柳婶看向林文松:“文松,你在哪儿定做的?能帮我家做两个不?婶子给你钱。”
林文松忙说:“这个锅子就在平安村陶器坊做的。
开春时,大山姐夫不是去平安村,带着他们村的猎户和安保队探索了一次山林吗?结果发现了很好的陶土矿。
上个月,平安村又建了一个产业,就是做陶器的。这个锅子就在那里定做的,他们村的陶老汉手艺真没的说。”

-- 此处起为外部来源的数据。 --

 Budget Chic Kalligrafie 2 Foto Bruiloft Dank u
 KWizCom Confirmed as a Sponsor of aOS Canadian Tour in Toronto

“哎哟,平安村有了陶器坊?他们的日子也好起来了!太好了,我家月娟就是嫁到那边的,跟文柳一样。”柳婶子一听,高兴极了,“文松,那你记得,去帮我家定两个啊!”
“我家也做一个。”白逸贤说。
“文松哥,也帮我做五个。”乔兴也下单了,“我们五个兄弟,一家一个。”
林文松和李文远对视一眼,眼里都是笑意。哟,没想到,果果画的炊具都能做成生意!这又是一条路啊!
院子里,月光如水。
众人陆续散去,脚步声、说笑声渐渐远了。
林守业站在院门口,看着最后一批人的背影消失在巷口,才转身回屋。
堂屋里还亮着灯,几家人还在收拾桌面。瓜子壳扫了一堆,茶碗收了一摞。
“大哥,今晚热闹吧?”林守英边收茶碗边问。
“热闹。”林守业坐下来,端起已经凉了的茶,喝了一口,“好久没这么热闹了。”
“以后会更热闹的。”李货郎笑着说,“新牧场建起来了,马也有了,牛也要来了,羊也要来了。这日子,越过越有奔头。”
林守业点点头,没说话。
窗外,月亮挂在半空中,又圆又亮。
新牧场的灯火,还亮着。
陈驹和马二娘还在马场那边,检查新来的几匹马。乔兴也跟着去了,他说今晚要守着,怕那些马不习惯新环境。
七匹新来的马,一个刚起步的牧场,一群人的期盼,都在平华村安住下来了。